Dan barang siapa yang menaati Allah dan Rasul (Nya), mereka itu akan bersama-sama dengan orang-orang yang dianugerahi nikmat oleh Allah, yaitu: Nabi-nabi, para shiddiiqiin, orang-orang yang mati syahid dan orang-orang saleh. Dan mereka itulah teman yang sebaik-baiknya. Yang demikian itu adalah karunia dari Allah, dan Allah cukup mengetahui. (an-Nissa : 69-70)

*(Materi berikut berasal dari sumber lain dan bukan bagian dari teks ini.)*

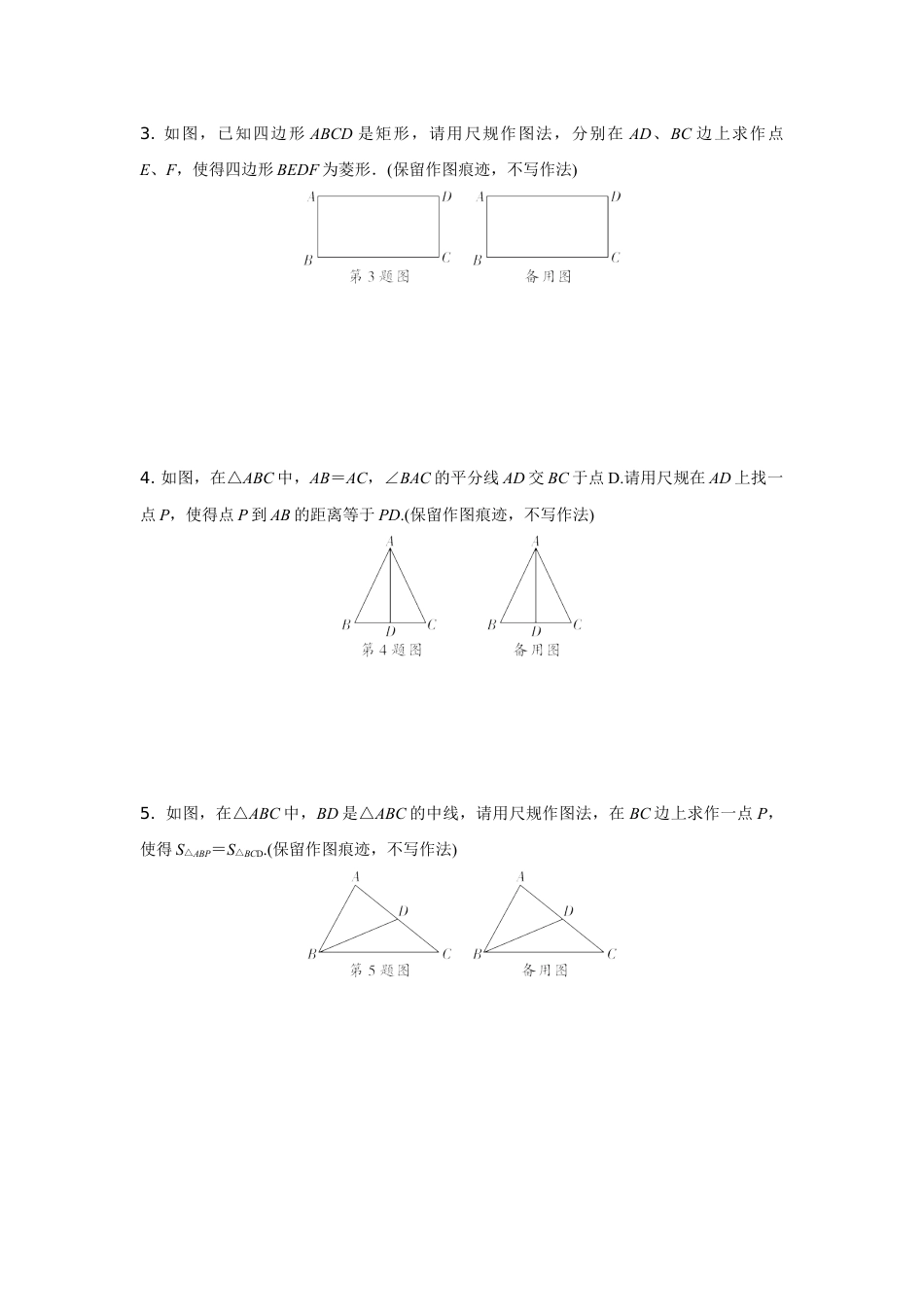 2024陕西中考数学二轮专题训练 题型四 尺规作图 (含答案).docx_第2页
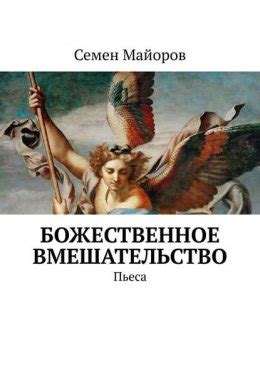 Споры среди верующих: божественное вмешательство или обман?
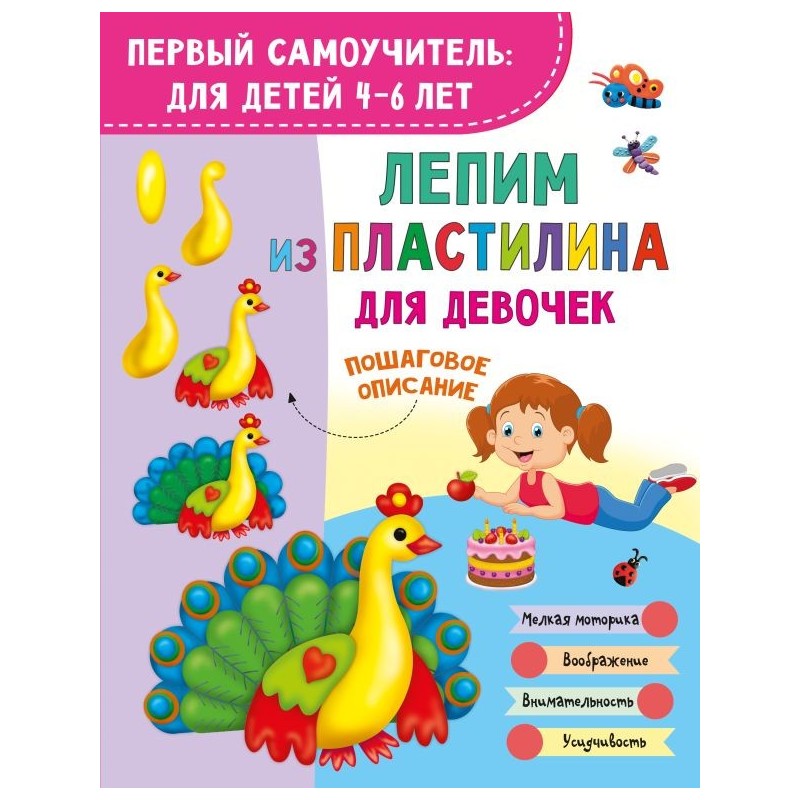 Лепим из пластилина для девочек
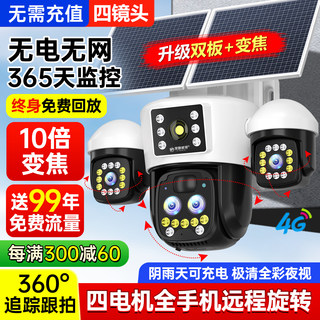 太阳能监控器摄像头360度无死角手机远程室外高清夜视免插电无网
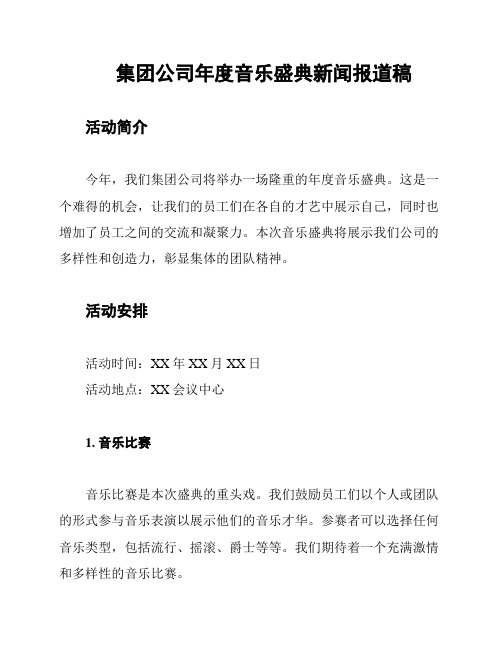 集团公司年度音乐盛典新闻报道稿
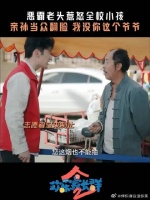 欢乐家长群张嘉译角色因孙子失望悔悟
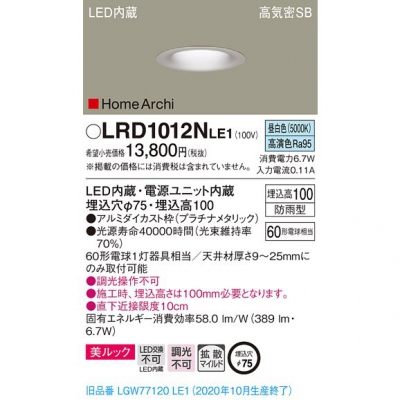 ѥʥ˥å LED饤 75  10H ⵤ̩SB Ȼ ɱ HomeArchi LRD1012NLE1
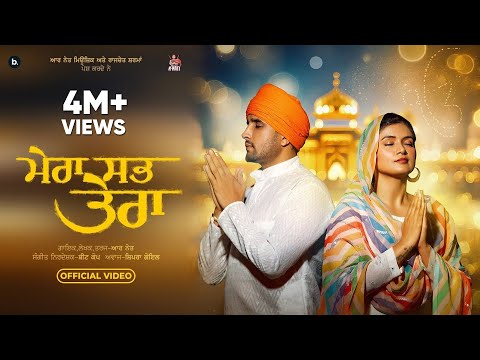 Guru Nanak Dev Ji | Gurupurab  | R Nait | Devotional songs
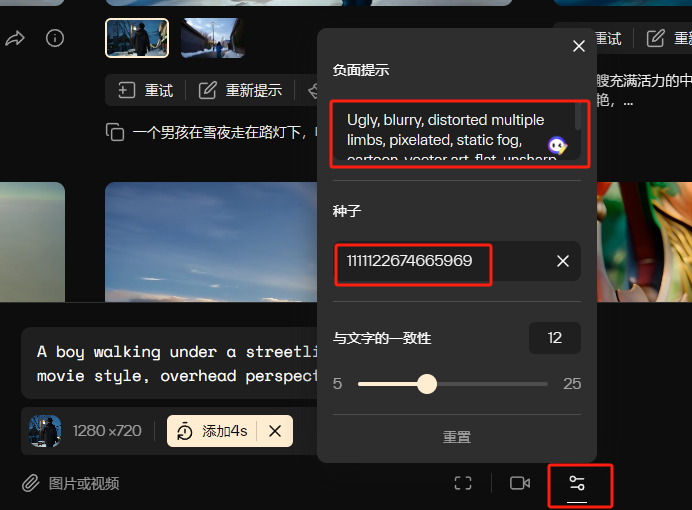 图片展示的是Pika Labs视频生成界面，用于增加视频长度。画面右侧弹出设置窗口，红色框突出显示“负面提示”为“Ugly, blurry, distorted multiple limbs, pixelated, static fog, cartoon, vector art, flat, unsharp”，种子数为“1111122674665969”，与文字一致性为“12”。画面左下角显示视频尺寸为1280 x 720，有“添加4s”选项。该图片与上文“增加视频长度”操作相关，直观呈现了操作时的界面设置情况。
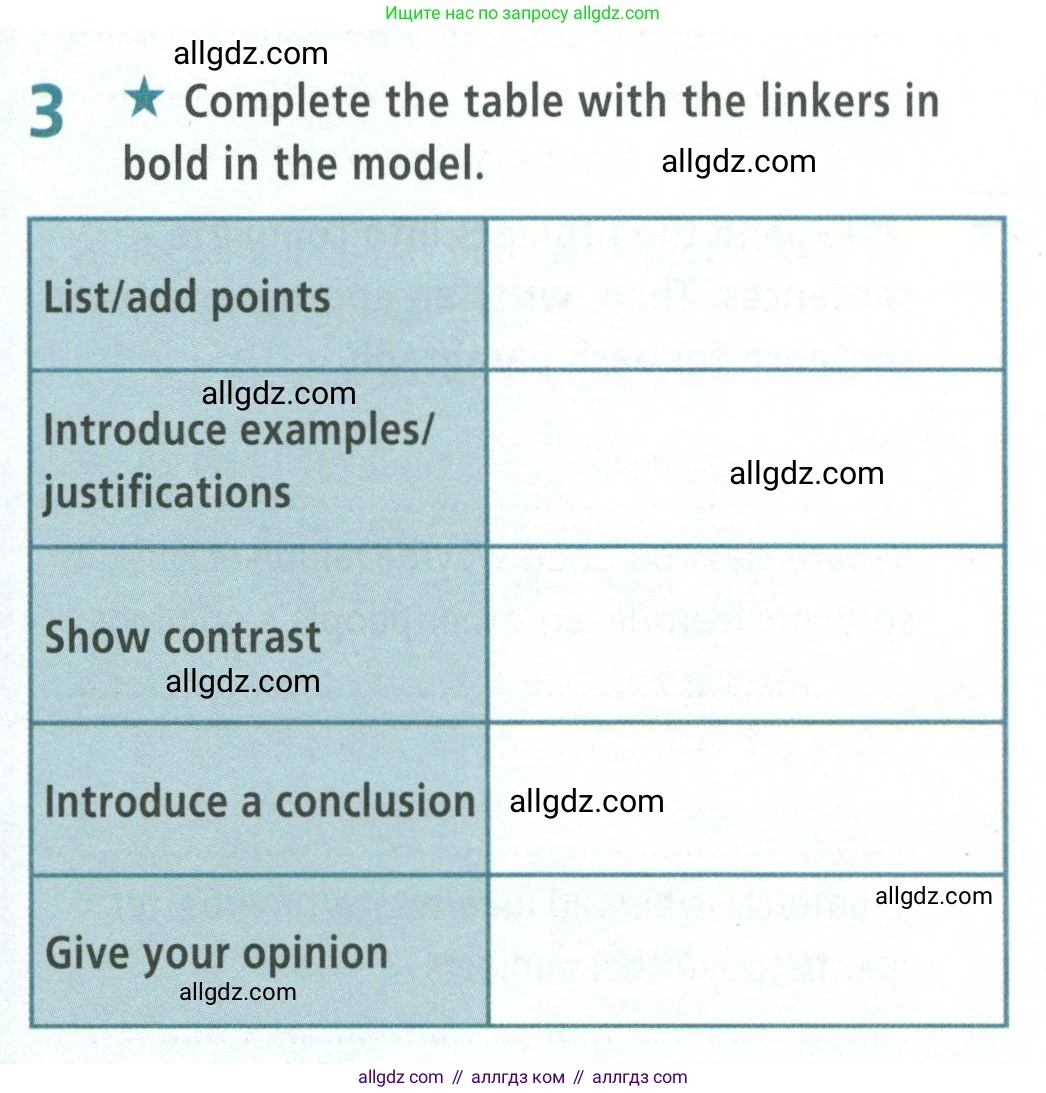 Английский язык (english), 8 класс Рабочая тетрадь (workbook), авторы: Баранова Ксения Михайловна (Baranova Ksenia), Дули Дженни (Dooley Jenny), Копылова Виктория Викторовна (Kopylova Victoria), Мильруд Радислав Петрович (Millrood Radislav), Эванс Вирджиния (Evans Virginia), издательство Просвещение, Москва, 2023, белого цвета, страница 67, номер 3, Условие 2023-2027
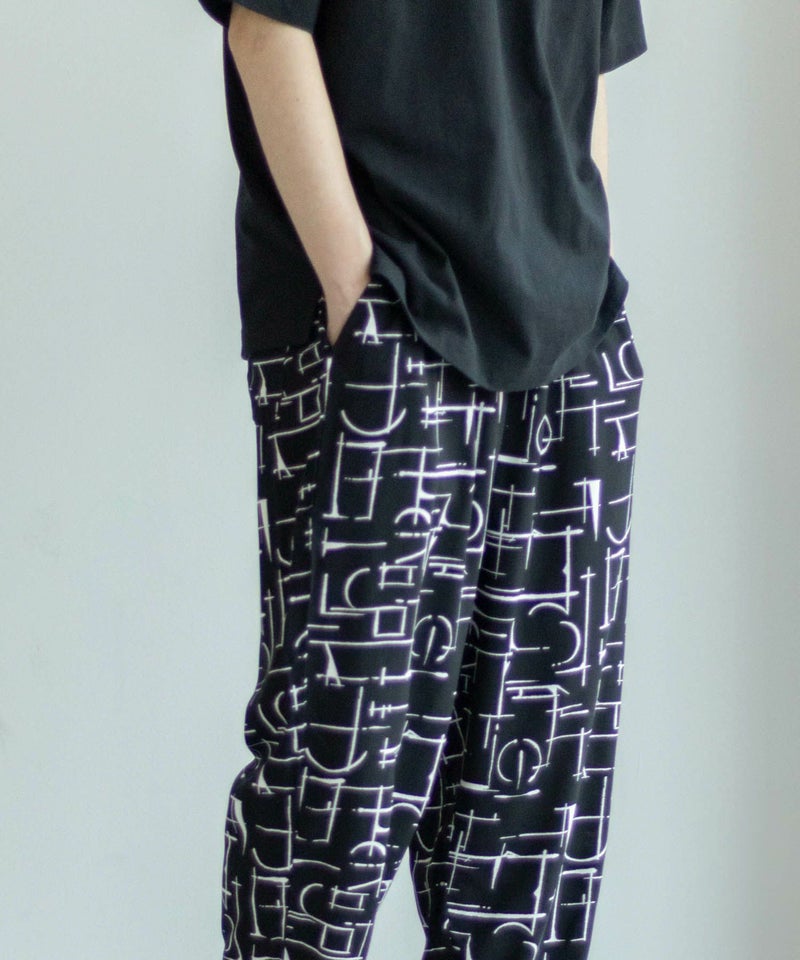 NAVY SARARI  レーヨンアンクルパンツ メンズ商品画像-6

Firman Allah (غَيْرِ الْمَغْضُوبِ عَلَيْهِمْ وَلا الضَّالِّينَ) artinya bukan (jalan) mereka yang dimurkai dan bukan (pula jalan) mereka yang sesat. (al-Baqarah : 7), jumhur ulama membaca “ghoiri” dengan memberikan kasrah pada huruf ra’ dan kedudukannya sebagai na’at (sifat).
Maka ayat ke-7 dari surat ini memiliki makna tunjukilah kepada kami jalan yang lurus, yaitu jalan orang-orang yang telah Engaku karunia nikmat kepadanya, yaitu mereka yang memperoleh hidayah, istiqomah, dan ketaatan kepada Allah dan Rasul-Nya, serta mengerjakan perintah-Nya serta meninggalkan larangan-Nya. Bukan jalan orang-orang ynag mendapat murka, yang kehendak mereka telah rusak sehingga meskipun mereka mengetahu kebenaran, namun menyimpang darinya. Bukan juga jalan 0rang0rang yang sesat, yaitu orang-orang yang tidak memiliki ilmu pengetahuan, sehingga mereka berada dalam kesesatan serta tidak mendapatkan jalan menuju kebenaran.